Под белым колпаком щёлки глаз киргиза расширились, но, видно, недостаточно для того, чтобы помешать вывалиться из них глазным яблокам. Он опустил свою камчу, а следом и голову в нарядном уборе, уставившись взором под ослиные копыта, в то время как пацаны Палыча трепали проснувшегося осла за уши, и осёл в благодарность потряхивал своей головой. Знакомство с животным миром продолжилось бы дольше, если бы водитель автобуса не нажал на сигнал, призывая всех к сбору.
 
Оставшуюся дорогу сыновья обсуждали с мамой как бы они назвали ослика, если бы он у них был, и пришли к единому мнению уже на подъезде к Фрунзе.

- Ослятя! Конечно, ослятя!


***

  На фрунзенском автовокзале у всех пассажиров проверяли паспорта и путевки в санатории русские солдаты в полевой форме без знаков отличия. Они формировали группы по направлениям, рассаживая их в автобусы без табличек с маршрутом и без длительной задержки, явно стараясь отправить прибывших с глаз долой из опасного города до наступления ночи. И, признаться, у них это не плохо получалось.

Стемнело рано. Но дети захотели спать ещё раньше, так и не привыкнув в дороге к новому временному поясу. Они положили свои головы на колени жены с обеих сторон, вытянув ноги вдоль чемоданов, и танки на улицах рассмотреть им так и не удалось. Уснула и жена Палыча.

Пока они ждали очереди своей группы в Чолпон-Ату, Палыч всё прислушивался: не загремит ли где-то знакомый двенадцатицилиндровый мотор? Не грохнет ли выстрел? Но кроме мирного жужжания «жигулей» и пугливых хлопков из их глушителей ничего серьёзного в тёмном городе слышно не было…

С грехом пополам, после полуночи, вся сонная семья погрузилась в ПАЗик, и тот медленно затарахтел по полутёмным улицам киргизской столицы всё выше и выше в горы, обещая поднять их ещё на километр ближе к небу, невидимому в пыльное окно автобуса… Вот тогда и Палыч уснул…

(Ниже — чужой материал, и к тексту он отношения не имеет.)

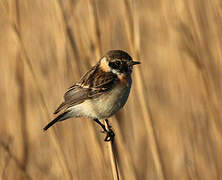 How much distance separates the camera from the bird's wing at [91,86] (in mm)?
3206

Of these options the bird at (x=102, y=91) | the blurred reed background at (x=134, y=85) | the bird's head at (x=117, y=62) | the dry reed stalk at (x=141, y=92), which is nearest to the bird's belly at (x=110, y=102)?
the bird at (x=102, y=91)

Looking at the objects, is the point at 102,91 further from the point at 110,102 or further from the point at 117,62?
the point at 117,62

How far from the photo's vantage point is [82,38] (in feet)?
9.81

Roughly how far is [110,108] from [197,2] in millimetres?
1126

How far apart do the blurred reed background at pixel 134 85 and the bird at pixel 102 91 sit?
0.11 meters

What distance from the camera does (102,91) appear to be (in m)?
3.37

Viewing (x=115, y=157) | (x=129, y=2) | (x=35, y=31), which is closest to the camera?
(x=115, y=157)

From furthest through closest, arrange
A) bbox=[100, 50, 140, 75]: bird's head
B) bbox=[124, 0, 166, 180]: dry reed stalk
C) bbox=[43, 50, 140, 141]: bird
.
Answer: bbox=[100, 50, 140, 75]: bird's head, bbox=[43, 50, 140, 141]: bird, bbox=[124, 0, 166, 180]: dry reed stalk

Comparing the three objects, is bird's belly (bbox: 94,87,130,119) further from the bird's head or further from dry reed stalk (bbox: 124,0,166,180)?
dry reed stalk (bbox: 124,0,166,180)

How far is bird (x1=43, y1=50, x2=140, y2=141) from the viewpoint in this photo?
3.20 meters

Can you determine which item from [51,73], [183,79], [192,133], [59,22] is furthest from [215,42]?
[51,73]

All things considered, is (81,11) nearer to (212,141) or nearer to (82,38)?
(82,38)

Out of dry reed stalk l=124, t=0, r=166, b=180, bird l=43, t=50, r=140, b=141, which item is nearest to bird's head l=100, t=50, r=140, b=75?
bird l=43, t=50, r=140, b=141

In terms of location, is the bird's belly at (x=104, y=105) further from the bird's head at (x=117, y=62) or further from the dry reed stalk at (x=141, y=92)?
the dry reed stalk at (x=141, y=92) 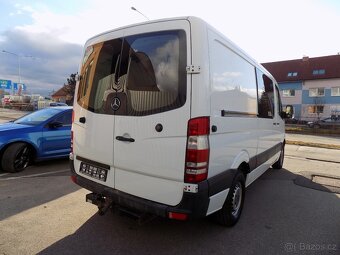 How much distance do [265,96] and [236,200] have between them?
2.14m

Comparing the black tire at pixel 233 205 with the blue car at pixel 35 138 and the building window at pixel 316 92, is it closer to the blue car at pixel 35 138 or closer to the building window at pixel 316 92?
the blue car at pixel 35 138

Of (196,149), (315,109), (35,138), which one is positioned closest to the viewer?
(196,149)

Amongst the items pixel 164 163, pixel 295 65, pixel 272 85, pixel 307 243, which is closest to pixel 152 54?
pixel 164 163

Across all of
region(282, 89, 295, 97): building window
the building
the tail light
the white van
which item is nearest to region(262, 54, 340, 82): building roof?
the building

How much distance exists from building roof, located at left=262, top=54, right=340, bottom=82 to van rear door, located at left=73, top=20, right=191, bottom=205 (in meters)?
46.3

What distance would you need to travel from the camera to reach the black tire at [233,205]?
3804mm

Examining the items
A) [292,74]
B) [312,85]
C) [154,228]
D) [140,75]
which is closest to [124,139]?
[140,75]

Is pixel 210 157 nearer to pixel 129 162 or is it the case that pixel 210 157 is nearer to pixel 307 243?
pixel 129 162

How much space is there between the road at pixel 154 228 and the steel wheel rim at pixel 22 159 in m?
1.01

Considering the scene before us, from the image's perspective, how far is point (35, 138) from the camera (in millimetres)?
6684

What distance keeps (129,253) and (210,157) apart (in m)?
1.34

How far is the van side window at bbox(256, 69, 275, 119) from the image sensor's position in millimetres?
4938

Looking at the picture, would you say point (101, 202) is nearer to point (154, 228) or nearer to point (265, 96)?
point (154, 228)

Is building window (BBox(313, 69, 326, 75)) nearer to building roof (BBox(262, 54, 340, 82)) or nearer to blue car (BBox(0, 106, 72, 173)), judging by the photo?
building roof (BBox(262, 54, 340, 82)) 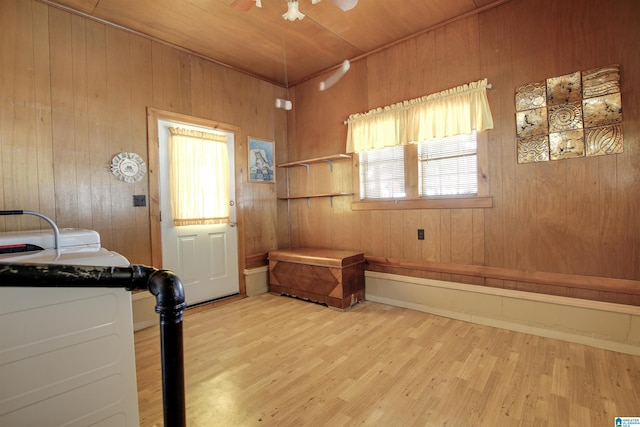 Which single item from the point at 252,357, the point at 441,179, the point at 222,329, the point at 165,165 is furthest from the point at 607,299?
the point at 165,165

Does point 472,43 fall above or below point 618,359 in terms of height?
above

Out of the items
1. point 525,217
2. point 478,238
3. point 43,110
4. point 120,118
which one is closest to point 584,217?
point 525,217

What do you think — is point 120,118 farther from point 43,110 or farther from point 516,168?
point 516,168

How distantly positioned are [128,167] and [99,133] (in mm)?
368

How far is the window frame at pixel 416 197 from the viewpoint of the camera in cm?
296

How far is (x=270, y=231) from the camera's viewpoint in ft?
14.3

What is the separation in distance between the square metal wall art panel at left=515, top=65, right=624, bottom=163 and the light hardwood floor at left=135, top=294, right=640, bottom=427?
1.56 m

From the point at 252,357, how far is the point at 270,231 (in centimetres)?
213

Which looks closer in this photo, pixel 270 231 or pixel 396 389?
A: pixel 396 389

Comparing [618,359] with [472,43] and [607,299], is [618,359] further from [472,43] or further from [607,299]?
[472,43]

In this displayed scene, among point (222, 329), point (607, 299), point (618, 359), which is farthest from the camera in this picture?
point (222, 329)

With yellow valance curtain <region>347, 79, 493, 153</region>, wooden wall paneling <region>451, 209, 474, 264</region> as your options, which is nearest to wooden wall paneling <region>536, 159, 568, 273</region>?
wooden wall paneling <region>451, 209, 474, 264</region>

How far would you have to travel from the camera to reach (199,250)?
363cm

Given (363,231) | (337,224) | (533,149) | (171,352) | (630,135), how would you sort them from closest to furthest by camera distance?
1. (171,352)
2. (630,135)
3. (533,149)
4. (363,231)
5. (337,224) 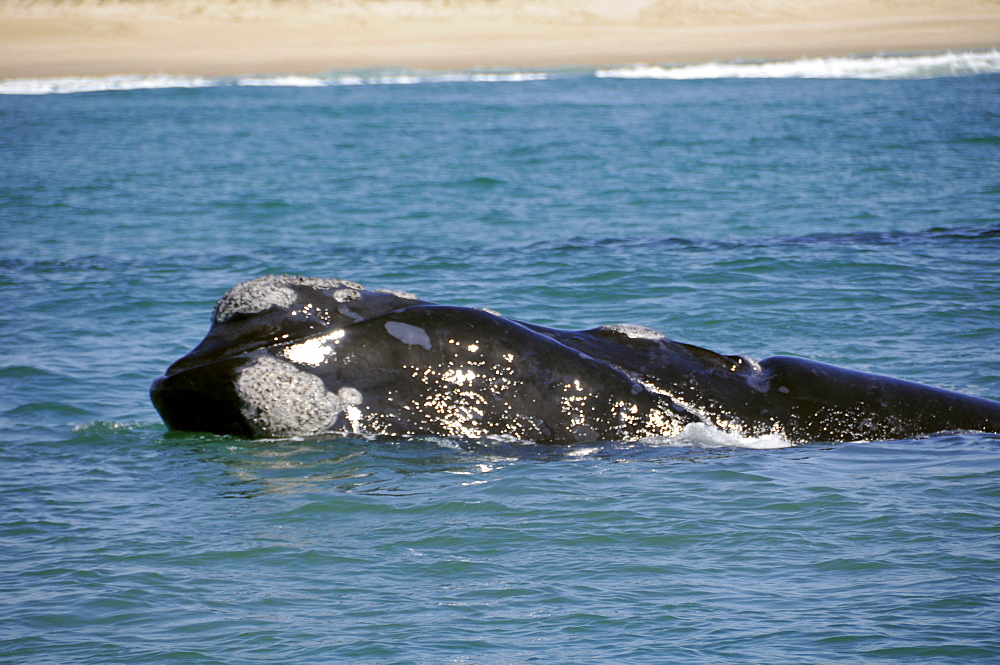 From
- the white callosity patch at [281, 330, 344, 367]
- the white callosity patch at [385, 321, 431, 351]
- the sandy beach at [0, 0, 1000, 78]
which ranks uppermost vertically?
the sandy beach at [0, 0, 1000, 78]

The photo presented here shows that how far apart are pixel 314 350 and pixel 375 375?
33 centimetres

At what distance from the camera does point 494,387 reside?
225 inches

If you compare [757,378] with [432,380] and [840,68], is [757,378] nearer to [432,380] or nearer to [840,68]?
[432,380]

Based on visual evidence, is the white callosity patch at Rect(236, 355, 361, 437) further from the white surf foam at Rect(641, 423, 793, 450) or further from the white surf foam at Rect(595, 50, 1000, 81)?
the white surf foam at Rect(595, 50, 1000, 81)

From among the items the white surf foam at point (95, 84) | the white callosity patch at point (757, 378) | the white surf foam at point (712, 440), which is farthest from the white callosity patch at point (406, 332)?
the white surf foam at point (95, 84)

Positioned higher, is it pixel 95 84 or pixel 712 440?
pixel 95 84

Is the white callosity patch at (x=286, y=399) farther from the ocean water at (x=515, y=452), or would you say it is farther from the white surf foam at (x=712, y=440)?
the white surf foam at (x=712, y=440)

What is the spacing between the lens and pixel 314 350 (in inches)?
223

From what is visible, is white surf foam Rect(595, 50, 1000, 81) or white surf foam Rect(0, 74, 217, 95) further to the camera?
white surf foam Rect(0, 74, 217, 95)

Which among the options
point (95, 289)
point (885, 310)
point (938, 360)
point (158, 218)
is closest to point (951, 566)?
point (938, 360)

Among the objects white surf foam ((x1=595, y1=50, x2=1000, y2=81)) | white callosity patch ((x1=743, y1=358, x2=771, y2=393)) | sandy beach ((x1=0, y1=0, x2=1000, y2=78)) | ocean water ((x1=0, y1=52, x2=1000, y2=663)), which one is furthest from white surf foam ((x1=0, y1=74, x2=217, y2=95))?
white callosity patch ((x1=743, y1=358, x2=771, y2=393))

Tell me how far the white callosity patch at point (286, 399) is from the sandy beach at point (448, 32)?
148ft

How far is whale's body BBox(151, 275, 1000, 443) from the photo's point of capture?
5.64 meters

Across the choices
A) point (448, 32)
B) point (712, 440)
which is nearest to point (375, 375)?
point (712, 440) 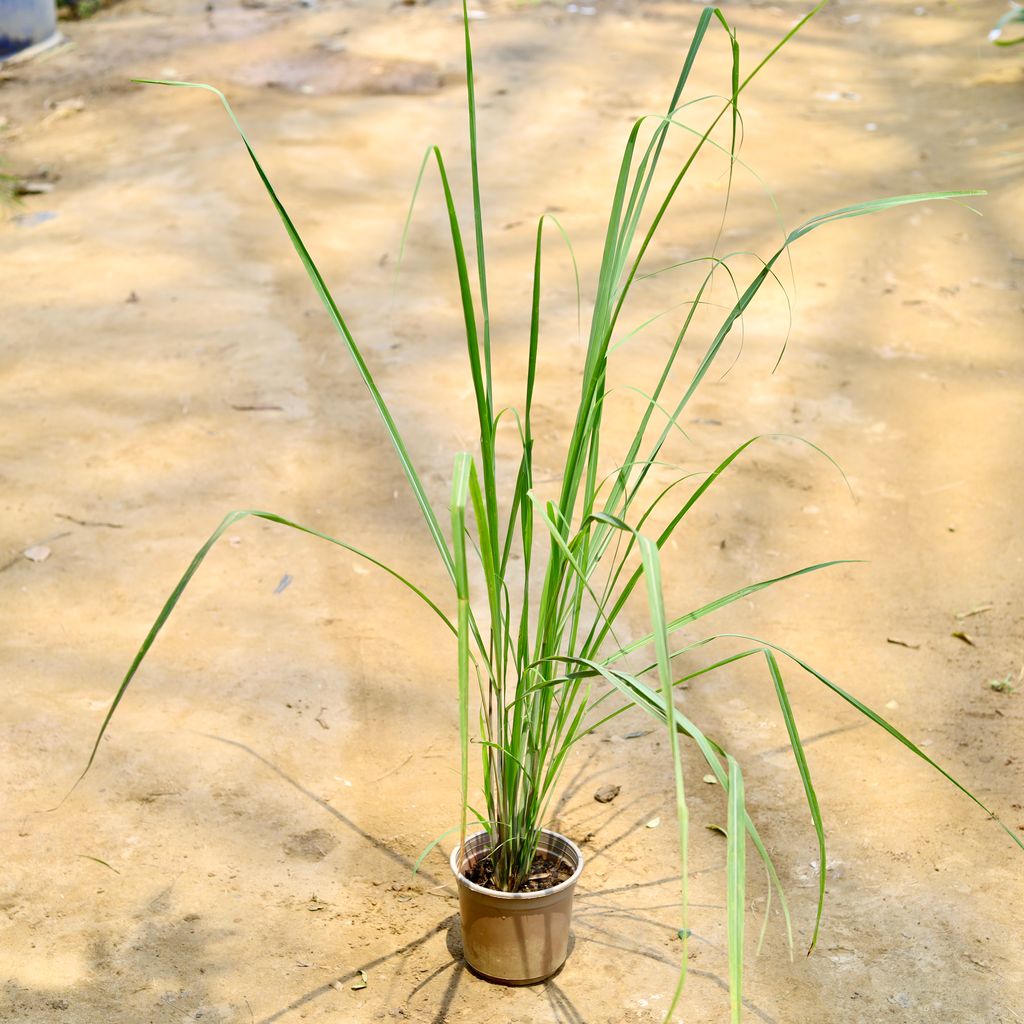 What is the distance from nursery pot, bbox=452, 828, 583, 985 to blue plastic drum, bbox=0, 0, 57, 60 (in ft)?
19.7

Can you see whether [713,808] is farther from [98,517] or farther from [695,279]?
[695,279]

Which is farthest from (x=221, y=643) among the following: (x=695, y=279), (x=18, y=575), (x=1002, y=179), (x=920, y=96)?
(x=920, y=96)

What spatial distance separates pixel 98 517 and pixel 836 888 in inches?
68.5

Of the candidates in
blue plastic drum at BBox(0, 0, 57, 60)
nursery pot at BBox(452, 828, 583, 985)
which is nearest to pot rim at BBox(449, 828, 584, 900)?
nursery pot at BBox(452, 828, 583, 985)

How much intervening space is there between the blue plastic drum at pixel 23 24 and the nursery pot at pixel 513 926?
599cm

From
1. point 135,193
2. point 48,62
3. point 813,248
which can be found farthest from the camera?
point 48,62

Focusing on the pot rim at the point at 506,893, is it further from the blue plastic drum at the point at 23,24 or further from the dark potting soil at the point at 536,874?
A: the blue plastic drum at the point at 23,24

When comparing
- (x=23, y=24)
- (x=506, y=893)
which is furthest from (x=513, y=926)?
(x=23, y=24)

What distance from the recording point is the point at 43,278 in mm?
3893

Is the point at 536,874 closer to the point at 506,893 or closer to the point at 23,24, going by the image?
the point at 506,893

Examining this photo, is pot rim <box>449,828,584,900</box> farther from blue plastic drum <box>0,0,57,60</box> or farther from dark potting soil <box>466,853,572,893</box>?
blue plastic drum <box>0,0,57,60</box>

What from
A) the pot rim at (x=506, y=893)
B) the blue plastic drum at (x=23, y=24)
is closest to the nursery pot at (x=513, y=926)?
the pot rim at (x=506, y=893)

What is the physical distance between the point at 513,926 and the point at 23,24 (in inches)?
244

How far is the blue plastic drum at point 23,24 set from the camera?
621 cm
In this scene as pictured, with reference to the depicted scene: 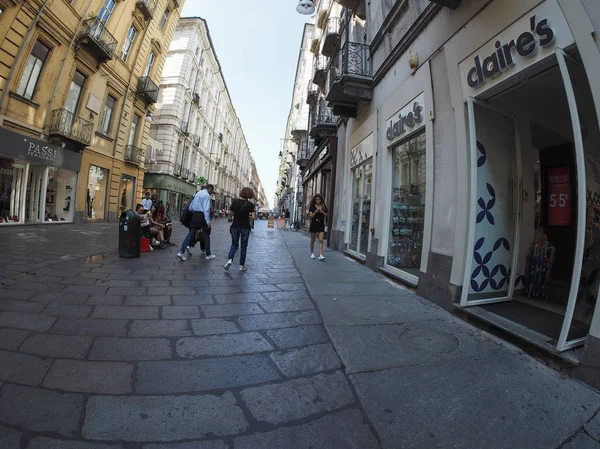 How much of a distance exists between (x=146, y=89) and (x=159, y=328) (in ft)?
64.2

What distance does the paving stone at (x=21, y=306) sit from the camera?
3078 mm

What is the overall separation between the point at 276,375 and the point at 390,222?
464 cm

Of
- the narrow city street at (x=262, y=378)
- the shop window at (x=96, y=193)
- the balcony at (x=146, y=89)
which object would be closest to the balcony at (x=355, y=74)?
the narrow city street at (x=262, y=378)

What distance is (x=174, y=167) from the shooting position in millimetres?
26531

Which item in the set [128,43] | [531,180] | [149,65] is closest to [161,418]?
[531,180]

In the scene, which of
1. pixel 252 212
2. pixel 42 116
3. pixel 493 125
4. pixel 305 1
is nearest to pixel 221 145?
pixel 42 116

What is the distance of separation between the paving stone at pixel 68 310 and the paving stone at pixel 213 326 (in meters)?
1.15

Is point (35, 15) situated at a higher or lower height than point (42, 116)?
higher

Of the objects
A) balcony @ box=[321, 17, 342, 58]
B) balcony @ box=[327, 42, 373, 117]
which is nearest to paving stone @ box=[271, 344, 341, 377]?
balcony @ box=[327, 42, 373, 117]

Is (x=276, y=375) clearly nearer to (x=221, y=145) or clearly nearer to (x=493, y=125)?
(x=493, y=125)

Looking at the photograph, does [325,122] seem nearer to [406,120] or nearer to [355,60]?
[355,60]

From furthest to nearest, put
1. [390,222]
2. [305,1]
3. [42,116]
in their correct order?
[42,116] < [305,1] < [390,222]

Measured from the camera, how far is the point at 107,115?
16.5 meters

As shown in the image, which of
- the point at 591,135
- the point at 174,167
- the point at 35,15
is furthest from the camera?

Часа через четыре, перед рассветом, их высадили у закрытых дверей санатория. На стук долго никто не отзывался, пока, наконец, в дверной щели не показалось сморщенное личико какой-то старушки, которая очень понятно и чётко объяснила (правда, на украинском), что в санатории «Волна» завтра санитарный день, а заезд по путёвкам будет только послезавтра, посмотрите внимательно, что у вас написано там по-русски. Палыч посмотрел: действительно послезавтра. Это если бы поездом двигались, как положено. Денёчек по Фрунзе погуляли, со временем пообвыкли, как и планировали, а тут танки у вас… И что теперь делать? Не ночевать же на улице с детьми? Из Сибири ехали четверо суток… Старушка сжалилась и со вздохом запустила семью в фойе.

- Лягайтэ тут на дыван, мисця выстачить, - показала она пальцем внутрь помещения. – Вранцы начальство прийде, розберется…

И как в воду глядела, в прозрачную воду Иссык-Куля!

Еще через четыре часа в фойе впорхнула другая старушка, лёгкая, как цыплячье пёрышко, разбудила жену Палыча и представилась:

- Хельга Францевна, замдиректора. Я вас прекрасно понимаю. Всё сейчас устроим. У нас лучший отдых для геологов. Вы ведь геологи?

- Н-нет… - с опаской созналась жена.

- Да? Ну и ладно! Какая разница? – проговорила она с улыбкой. – Главное, что мы русские люди и отлично друг друга понимаем. Не то что эти…

И Хельга многозначительно подняла глаза кверху.

- Кто эти? – переспросил Палыч.

- Кочующие аборигены, - прошептала старушка ему на ухо и заодно похлопала по плечу. – Надеюсь у вас не диетический стол?

- Пока нет, - пошутил Палыч, вспомнив о гастрите.

- И остальные – нет?.. – она обвела быстрым взглядом жену и детей. – Вижу, что нет… А не ударить ли тогда нам по горячим мантам? А?!.. Вот и правильно! Ксана! Поставь там на кухне кастрюлю под манты, будь ласка! – вдруг крикнула она на всё, размером с теннисный корт, пустующее пространство фойе…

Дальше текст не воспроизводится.